Deteriorating economic conditions may spark the sort of discontent that helped put an end to Russia’s Czarist autocracy a century ago, he said, referring to the turmoil that swept the Bolsheviks into power under Vladimir Lenin and led to the creation of the Soviet Union. Russia’s economy is teetering on the brink of recession as international sanctions linked to the conflict in Ukraine stunt growth.

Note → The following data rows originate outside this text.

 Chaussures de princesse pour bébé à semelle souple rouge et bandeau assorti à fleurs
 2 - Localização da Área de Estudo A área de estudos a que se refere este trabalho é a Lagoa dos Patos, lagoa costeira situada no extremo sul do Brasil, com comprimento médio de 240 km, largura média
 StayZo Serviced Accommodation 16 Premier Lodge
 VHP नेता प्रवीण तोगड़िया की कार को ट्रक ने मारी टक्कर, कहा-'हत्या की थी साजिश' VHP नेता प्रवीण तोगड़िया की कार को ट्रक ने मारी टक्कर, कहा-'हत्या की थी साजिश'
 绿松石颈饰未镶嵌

Khodorkovsky, once Russia’s richest man with a fortune of $15 billion, funded opposition parties before his arrest and campaigned from prison for Russia to develop a civil society. He was freed after receiving a presidential pardon in December. Khodorkovsky maintained his innocence after being convicted for tax evasion, money-laundering and oil embezzlement, saying the cases against him were retribution for financing political parties that opposed Putin. The Kremlin has denied that.
“All authoritarian regimes, especially ones like this that aren’t based on an ideology but on an individual person, are highly unstable,” Khodorkovsky said. “In order to retain power, such authoritarian leaders are forced to burn the field all around themselves, which is what Putin is doing.”

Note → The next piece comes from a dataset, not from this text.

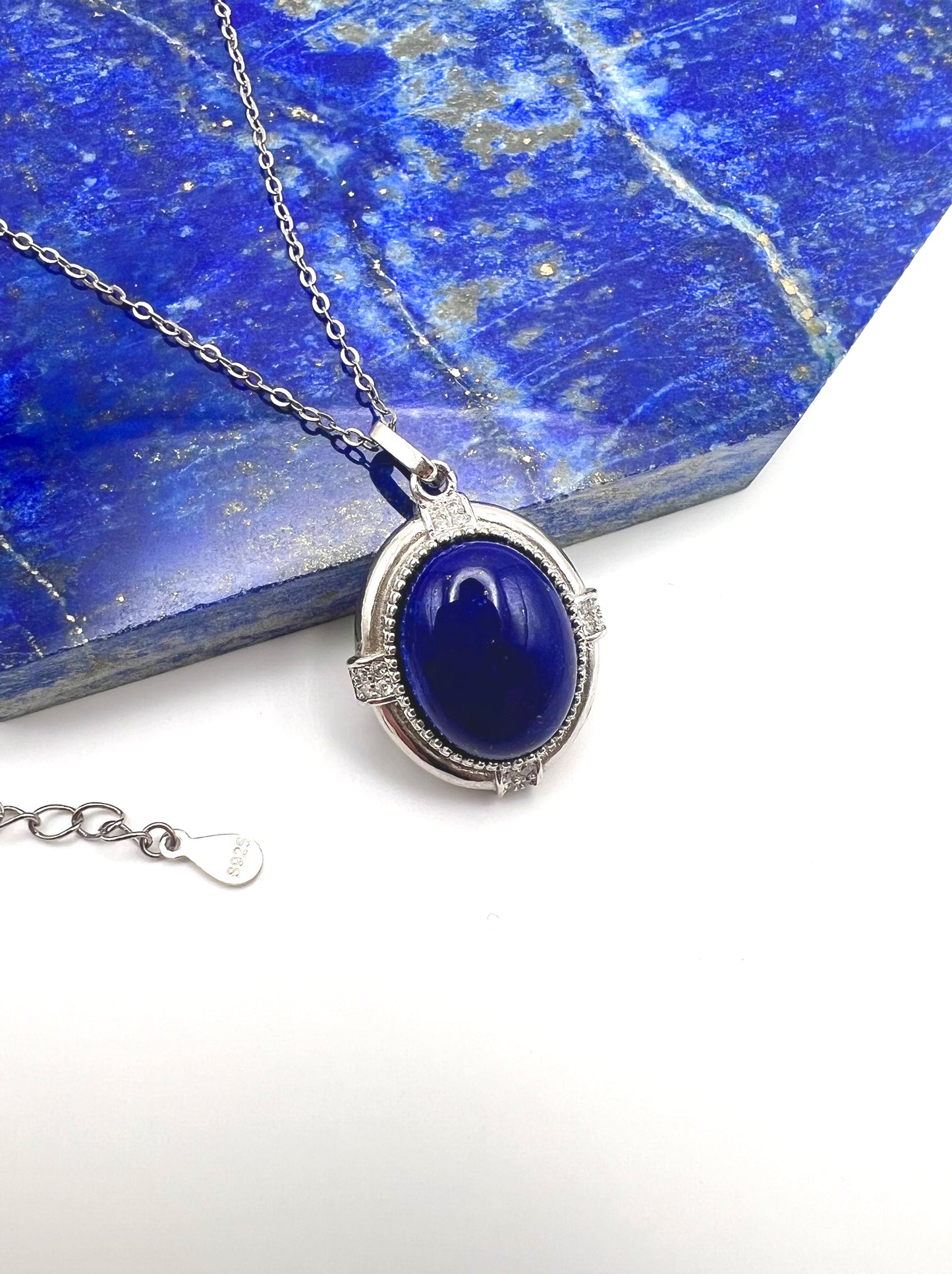 Zeitloser Anhänger mit Kette aus hochwertigem 925er Silber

Closer integration with Europe is essential for Russia’s development, he said.
“We are part of Europe,” Khodorkovsky said in the interview at Bloomberg headquarters in New York. “All of our culture is European. All of our traditions are European.”
Putin’s annexation of Crimea in March and subsequent fighting between pro-Russian rebels and Ukrainian forces has prompted investors to pull money out of the country. Russia has denied involvement in the conflict.
The ruble has lost 14 percent against the dollar over the past three months alone, more than any other currency tracked by Bloomberg. Net outflows from Russian assets totaled $75 billion in the first half of 2014, compared with $61 billion in all of last year, data from the country’s central bank show. The ruble fell 0.4 percent to 39.7310 as of 11:33 a.m. in Moscow.
Russia’s economy will expand 0.5 percent next year, the International Monetary Fund said this week, cutting its previous growth forecast in half amid fallout from the conflict in Ukraine and the weaker currency.
Khodorkovsky, who has been living in exile in Switzerland since his release, said last month’s house arrest of Russian billionaire Vladimir Evtushenkov is the result of shifting political influence within the Kremlin.
Yukos Oil Co., Khodorkovsky’s company, was dismantled and sold at auction, mostly to state-run OAO Rosneft, to cover $27 billion in back taxes after his imprisonment. Yukos’s market value peaked at $35.7 billion in October 2003. Khodorkovsky had a fortune of $15 billion in 2004, according to Forbes magazine.
Putin, who served eight years as president before becoming prime minister, is likely to be re-elected in a ballot planned for 2017, Khodorkovsky said.
“The method by which he will get this victory will depend on how events develop,” he said. “He could get the victory relatively honestly, because right now, this national chauvinism is supporting his popularity rating.”